We learned with great sadness yesterday that, William Cardinal Baum, the former Archbishop of the Archdiocese of Washington, had passed away. In addition to his ministry in Washington, he had been the former Prefect of the Congregation for Catholic Education and the former Grand Penitentiary.
Cardinal Baum came to Washington in the 1970s, at a time when there was great conflict in the archdiocese and chose for his motto Ministerium reconciliationis, "The ministry of reconciliation." His motto reflected his gentle and kind pastoral approach, which was a very important means of healing many divisions in the archdiocese.
At the time I was at the Centro Catolico and he was very supportive of Hispanic ministry, allowing us to organize and expand pastoral services to the newly arriving immigrants throughout the archdiocese. He was also very supportive of the Hispanic newspaper "El Pregonero," the Hispanic diaconate program and many other initiatives that responded to what was really the beginning of an enormous wave of Catholic immigration into the Archdiocese of Washington.
For the last few years he had been living at the house of the Little Sisters of the Poor on Harewood Road in Washington, very near Catholic University. He was a very dear friend and I was always happy to see him.
In the last couple of years he's been more limited in his mobility, but I would occasionally be able to visit him and he was always very engaged and interested in everything that was happening in the Church. He was a very cultured gentleman who was very much committed to the intellectual life of the Church and very much involved in ecumenical outreach to other churches.
Mayors' Conference at the Vatican
Also this week, a conference was held at the Vatican with mayors and local government officials from throughout the world on the problems of climate change and human trafficking.
The conference, "Modern Slavery and Climate Change: The Commitment of the Cities," was held by the Pontifical Academy for Social Sciences. On this Academy they have established experts -- Catholics and non-Catholics alike -- who study different themes that have an ethical and social dimension.
We are very happy that Mayor Marty Walsh of Boston was able to represent us at this gathering.
It is ironic that some people see faith as being in contrast to reason and science. Instead, throughout history, the Church has always been a leader in trying to promote scientific knowledge and discovery. This Vatican Academy continues in that same tradition, trying to promote science and ensure that scientific genius serves the common good and is not used for selfish or violent ends.
As we have commented before, when the Holy Father's encyclical Laudato Si' came out, the Holy Father makes a very clear connection between the situation of the poor in the world and the fragility of the environment. The conference held this week in Rome reflects those themes that are so well delineated in that encyclical.

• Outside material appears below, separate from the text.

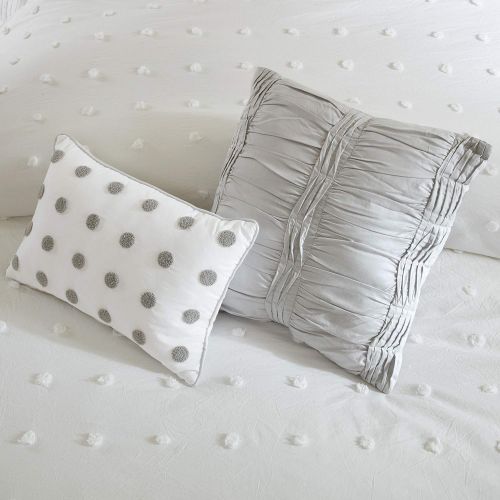  Urban Habitat Brooklyn Teen Girls Duvet Cover Set FullQueen Size - Ivory, Tufted Cotton Chenille Dots  7 Piece Duvet Covers Bedding Sets  100% Cotton Jacquard Girls Bedding Bed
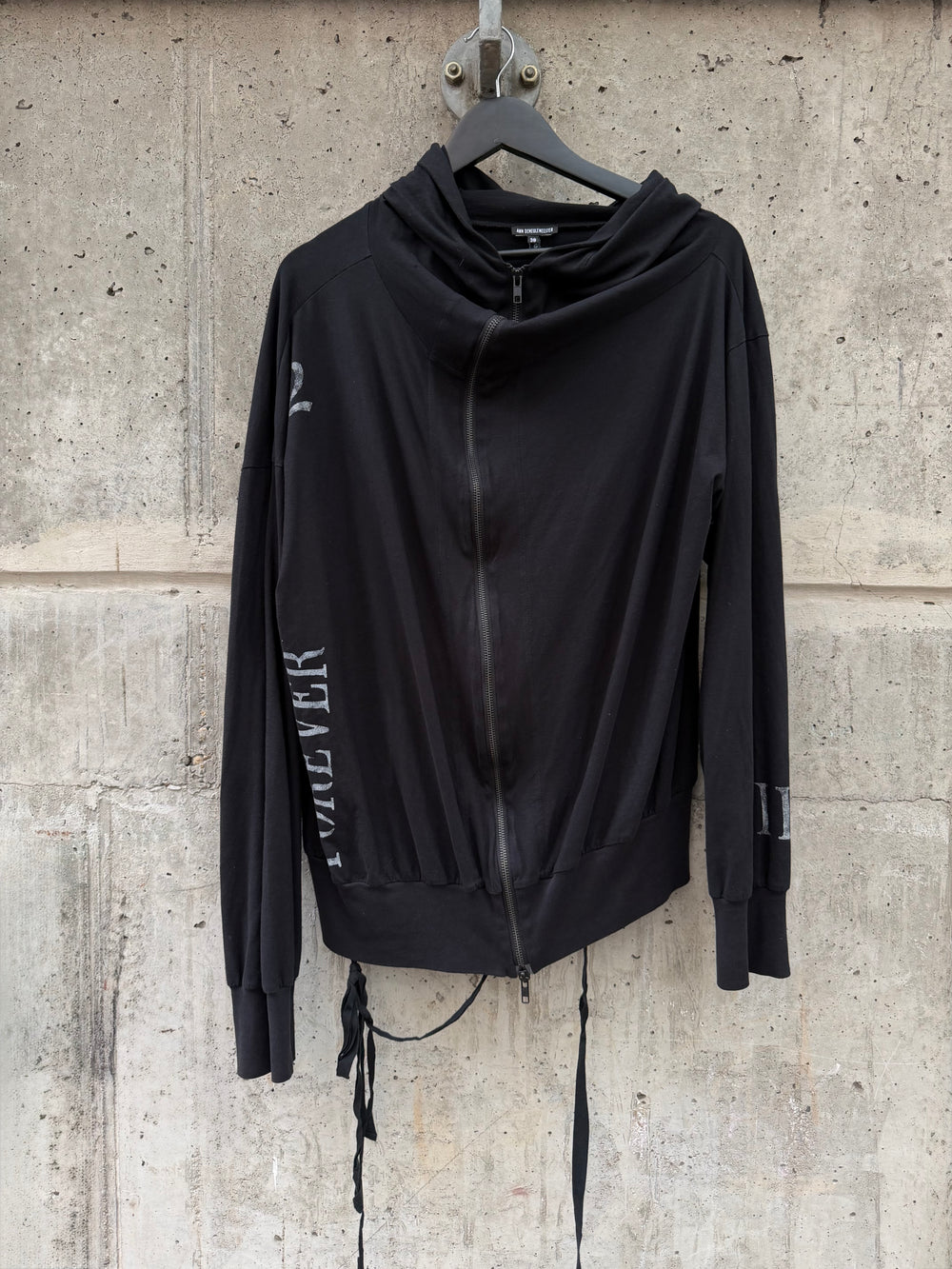 SS/18 Ann Demeulemeester „Forever Kids“ Asymmetrical Zip Hoodie (S)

Within the Holy See, there is a very strong awareness that the population of the world is very quickly moving from rural areas into large metropolitan cities. There have been many conferences on the issue, including when I was invited to address in Milan on evangelizing the cities. So, we shouldn't be surprised that the Holy See, particularly this type of Academy, would reach out to mayors of major cities to invite them to be part of this reflection on these themes.
Evangelizing two by two in Boston
Having just had the (Sunday) gospel that morning about the apostles coming back two-by-two and telling Jesus their experience, later that day I had a living experience of much the same thing.
Over the previous ten days or so, following the example of the apostles in the gospel, 800 members of the Neocatechumenal Way had fanned out two-by-two throughout the United States to announce the Good News wherever they went. They came without money or possessions, just depending on upon God's providence, as the gospel had said the previous Sunday.
Groups came to all four dioceses of Massachusetts and we had seven pairs of men visit the archdiocese of Boston. As their journey was coming to an end, I met with several of them at the Cathedral to hear how it went.
It was interesting to hear their experience, even in some cases an experience of homelessness and living with homeless people. I was impressed that some reported back how kind the homeless people were to them, and that there was a charity among the very poor they had not been aware of before.